- Extracted material:
####################

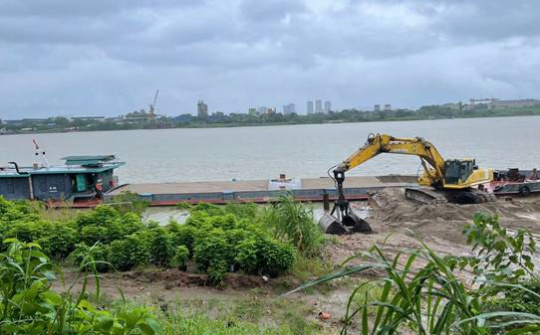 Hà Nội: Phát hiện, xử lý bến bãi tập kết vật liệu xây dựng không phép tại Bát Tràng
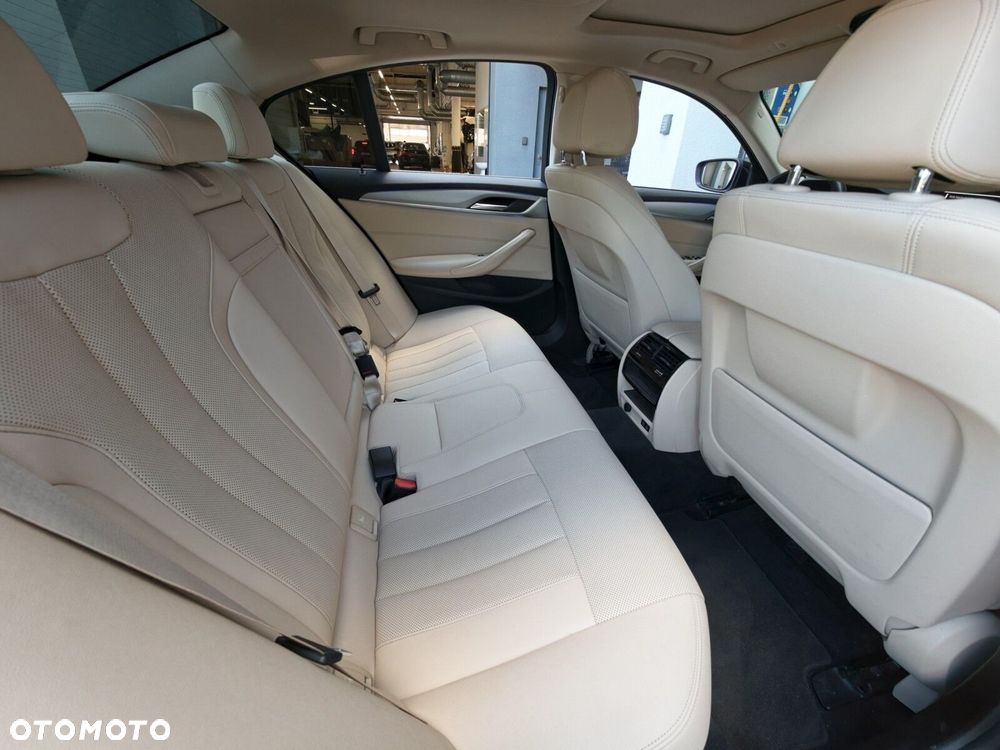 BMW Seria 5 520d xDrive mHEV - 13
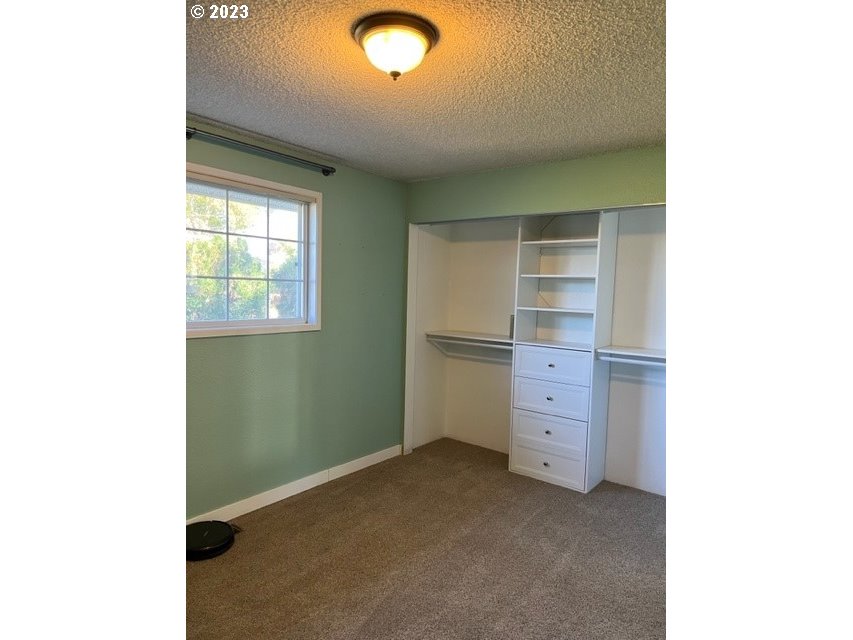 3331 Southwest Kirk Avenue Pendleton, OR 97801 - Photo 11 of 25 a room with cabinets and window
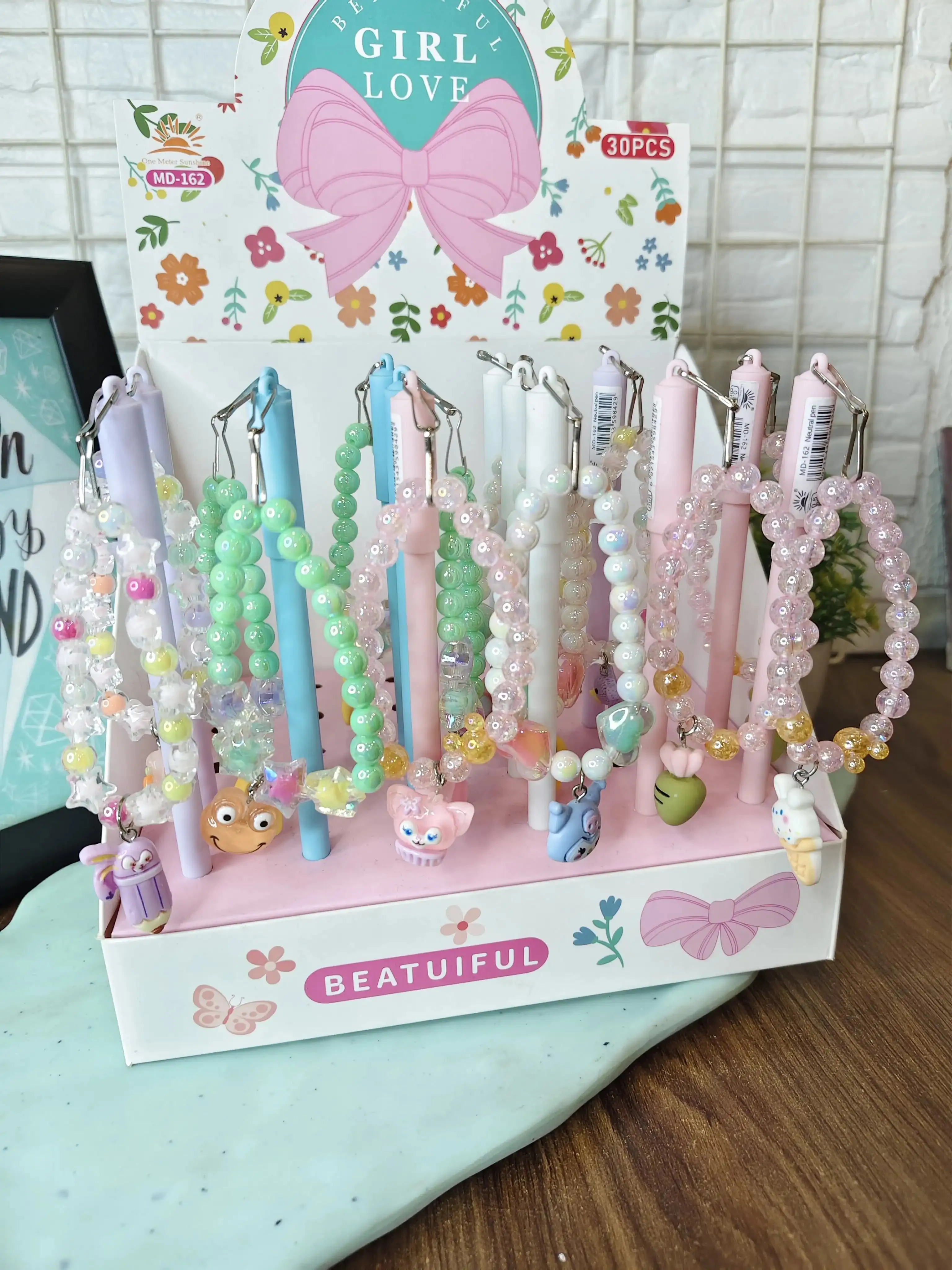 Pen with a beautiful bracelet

####################

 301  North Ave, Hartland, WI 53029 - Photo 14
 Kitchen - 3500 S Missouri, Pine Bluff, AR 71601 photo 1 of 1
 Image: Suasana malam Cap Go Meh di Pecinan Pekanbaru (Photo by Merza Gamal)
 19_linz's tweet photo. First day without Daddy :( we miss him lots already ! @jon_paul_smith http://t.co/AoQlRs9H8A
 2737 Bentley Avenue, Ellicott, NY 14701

####################

- Instructions for the task: Write out exactly the lines above between the one with "BMW Seria 5 520d xDrive mHEV - 13" and the one with "Pen with a beautiful bracelet", inclusive, with pictures left out.

- The answer:
 BMW Seria 5 520d xDrive mHEV - 13
 3331 Southwest Kirk Avenue Pendleton, OR 97801 - Photo 11 of 25 a room with cabinets and window
 Pen with a beautiful bracelet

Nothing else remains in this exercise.